Monday, December 04, 2006

Scientist Fights Church Effort to Hide Museum's Pre-Human Fossils

One of the very first authors I read, some 15 years ago or more, concerning archaic humans and our subsequent floresence, was Richard Leakey, at a time when he was still working in the field, and publishing books as well - even today, the Leakey family are synonymous with some of the most famous fossil discoveries in East Africa. Olduvai Gorge, Lake Turkana and Laetoli are all names writ large across the annals of palaeoanthropology, opening up tiny vistas in to the vastness of our prehistory, affording us fleeting but compelling insights into our illustrious forebears.

Today, Richard Leakey no longer works out in the field - some years ago, he was the unfortunate victim of a plane crash, (I think he was the pilot of a small plane he used) which came to grief on one of his numerous trips into the remote areas of Kenya where he conducted his investigative excavations. He was then appointed to a position that gave him responsibility for the preservation and conservation of the wildlife of Kenya, as well as running the Kenya National Museum, but eventually quit after numerous arguments and disputes with the national government, i.e. his boss.

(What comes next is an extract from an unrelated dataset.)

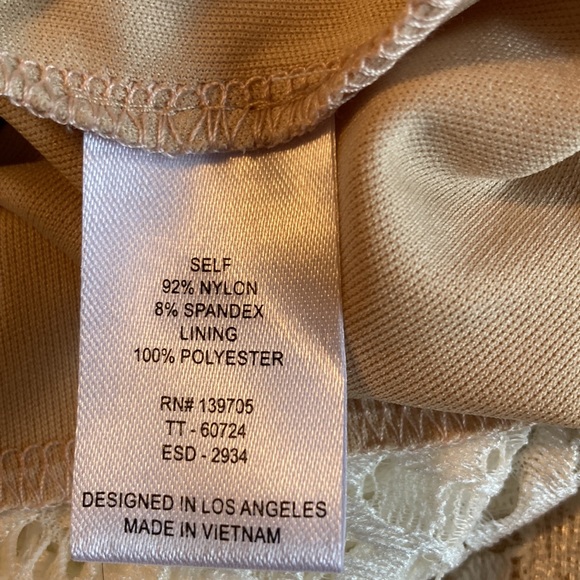 Elegant cocktail dress - Picture 7 of 12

And now, after a quiet spell, he's back in the news again, and this time on a mission to do battle with a clerical elite who are demanding that the concept of human evolution should be abandoned, or at the very least, swept under the carpet. His latest adversary is the Pentecostal hierarchy, who object to the collection of human and australopithecine fossils of the Kenya National Museum being presented as evidence for human evolution.

"The Christian community here is very uncomfortable that Leakey and his group want their theories presented as fact," said Bishop Bonifes Adoyo, head of the largest Pentecostal church in Kenya, the Christ is the Answer Ministries.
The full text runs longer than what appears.